Yes, in most development environments unit tests are too hard to run -- because they have no automated unit tests at all: Every test is a one-off ad-hoc run that is dreamed up, run and checked by hand each and every time.
I use JakartaAnt
to compile my code and every now and thenI also run a task called CheckStyle
which is downloadable at (http://jakarta.apache.org/ant/external.html
). This enforces me to always follow the CodingConventions
as I go along and the code looks good mostly through the day. -- PeterAxelsson
The biggest problem I see with ReviewBeforeCheckin
is that it encourages large changes. Having a review before check in does not make sense if you do small changes, particularly iterative changes. I am trying to get my developers to do daily check ins, and eventually get to multiple check ins per day. We can't do this and have reviews, too. -- WayneMack
Small changes are no less subject to being bad so they need reviewing. It is the small quick change that can often have the worst results. If the review process is reasonable then it should be able to be done quickly. If it is heavy then...dump it.
Small changes are less subject to being bad and big changes are more subject to being bad. That is the reason I am encouraging small changes. Problems are not random occurrences and complexity is a significant factor. How can you possibly have your developers turn in code every 4 hours and have reviews? The developers would spend all of their time in review meetings. -- WayneMack
Then we have a different experience base. I've found small changes just as likely to be bad and more likely to be overlooked. It just takes one small mistake to cause corruption, memory leaks, bad threading behaviour, etc. The problems can take many resources later to find and fix. A large chang is just a lot of small changes aggregated. There is no reason at all to suspect they have different inherent quality. As for the review meeting i ask a few people to
come over to my cube and we walk through the changes and the code. I email the people when I'm about ready and we setup a time. Usually bugs are not found because I unit test heavily, but often enough there are things i didn't consider that need to be addressed. If I can't find anyone, I wait. It's far more important to have quality than it is to have frequent check-ins. And it's not like we are talking about waiting a week between checkings, we are just talking about waiting a bit longer. This doesn't seem a lot to ask.
Huh? Defect injection rates are proportional to lines of code written. A big checkin has more lines of code, ergo more defects (on average).
Furthermore, with more frequent checkins, it makes it easier to locate a bug that didn't occur in prior versions -- you can binary search the projects version history to find the checkin that introduced the bug. Since it's a small checkin (since you're doing them so frequently), you have less code you have to read to figure out what went wrong.

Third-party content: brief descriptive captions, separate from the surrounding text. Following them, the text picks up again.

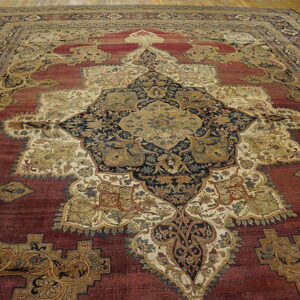 Ornate traditional rug with a central gold and navy medallion on a deep red field over wood flooring.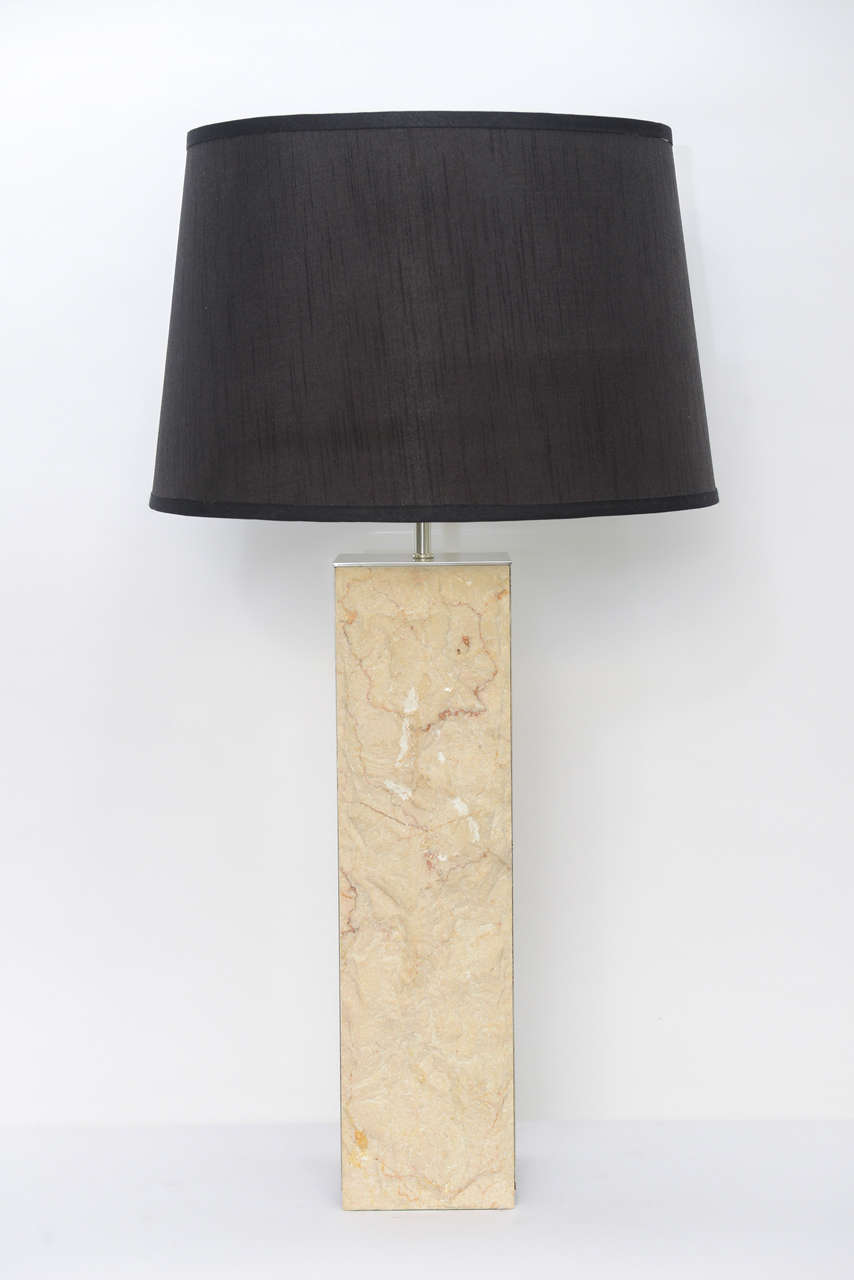 REDUCED FROM $1,750.
Exceptional, strong, modern and elegant, this table lamp features two sides of rough cut marble with polished aluminum on the opposing sides and top. Excellent original condition. Just add your shade. Shade shown as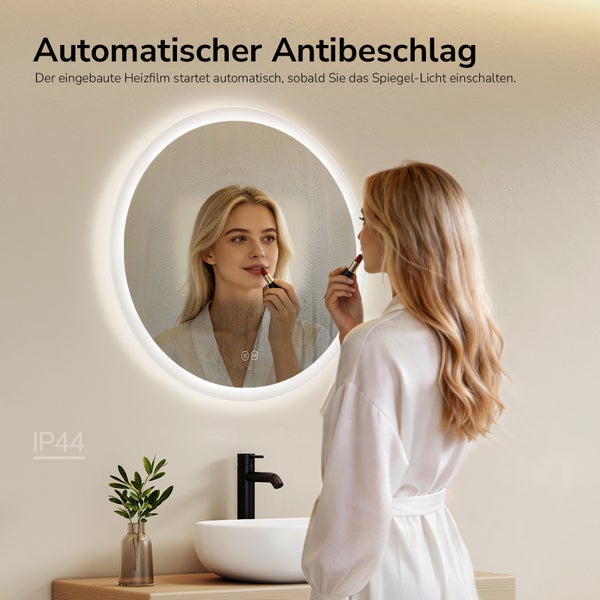 Runder LED-Badezimmerspiegel mit Antibeschlagfunktion zeigt klares Spiegelbild beim Schminken im hellen Bad, spritzwassergeschützt.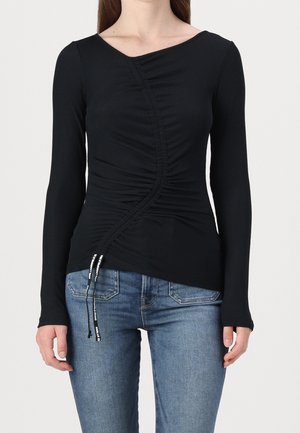 Vrouw draagt een aansluitende zwarte top met lange mouwen met geplooide details en verstelbare trekkoorden, gecombineerd met een blauwe spijkerbroek.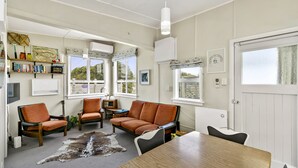 Una habitación acogedora con una mesa de madera, sillones de cuero, un sofá y una alfombra de piel de vaca. Se observan estanterías, una guitarra y una radio.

This whole pattern is suspect. In the Real World, I was recently instructed to check my code in before
code review. And, given the advantages of checking code in more frequently (easier to track changes, earlier exposure of buggy code), I can't see an argument for delaying checkins.

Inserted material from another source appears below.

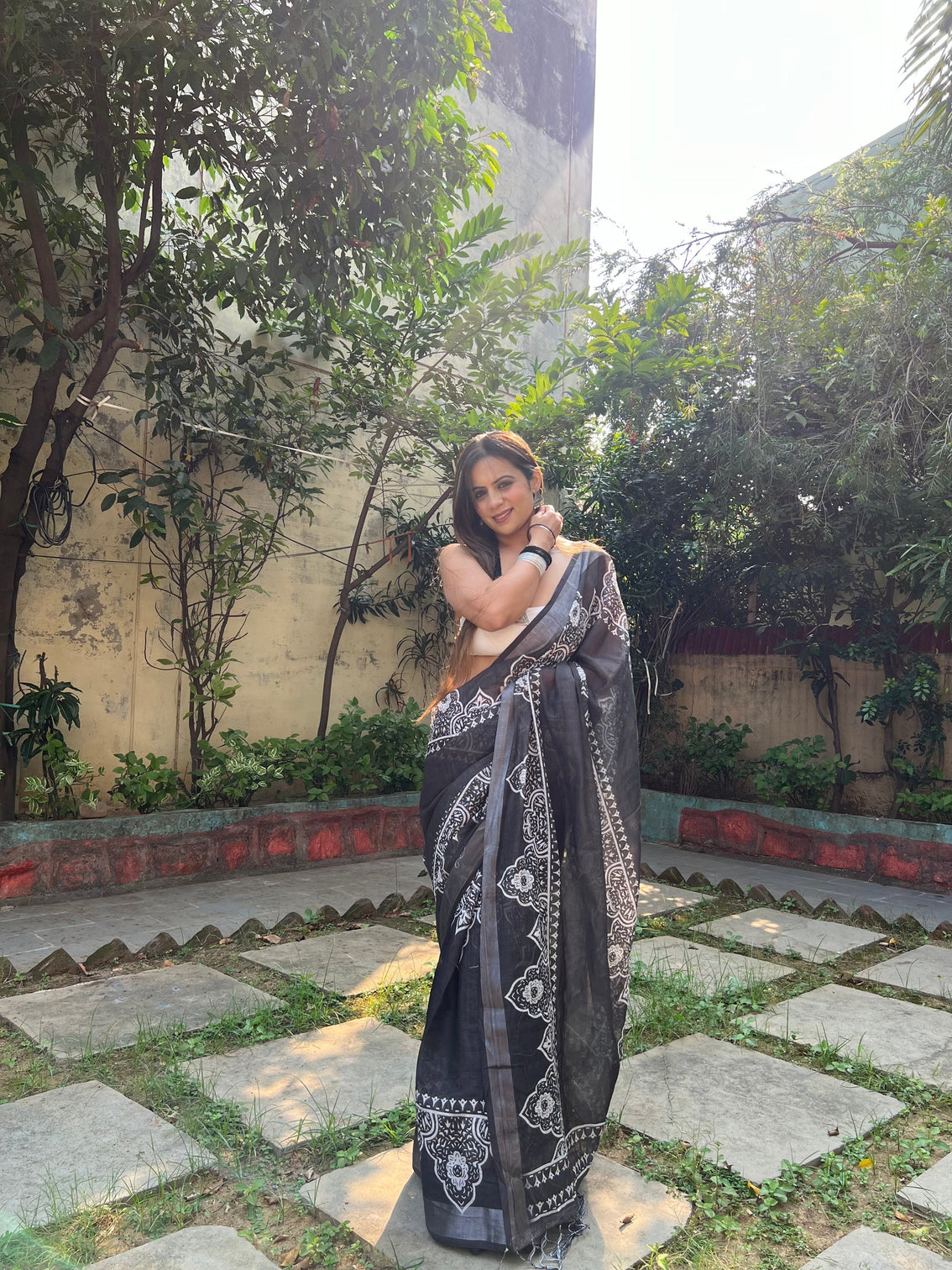 Black and white pure cotton linen saree with intricate floral design and tassels on edges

The argument that frequent checkins makes it easier to locate bugs assumes the bug is found immediately following a checkin. If a unit test failed to find the bug right away, then you may go a few revisions before finding it and as a result won't know in which revision the bug was introduced.
I have recently left a project with a large, close-coupled, undocumented codebase, with very little unit testing; having had this negative experience in a CVS system, I can definitely recommend:
- 1. code reviews should precede checkin: catch bugs, bad style, or plain wrong functionality or design before you commit them, so that you do not have to do another change to correct them. Keep the change to a single commit and you simplify the commit history.
- 2. unit test as you code, review the unit tests before the code review (to check the funtionality of the interface), review, retest before a commit. The code on the main development branch should always pass all the reviews, unit tests, and functional tests that you have.
- 3. frequently review and commit on change branches to keep the main branch clean and the change good.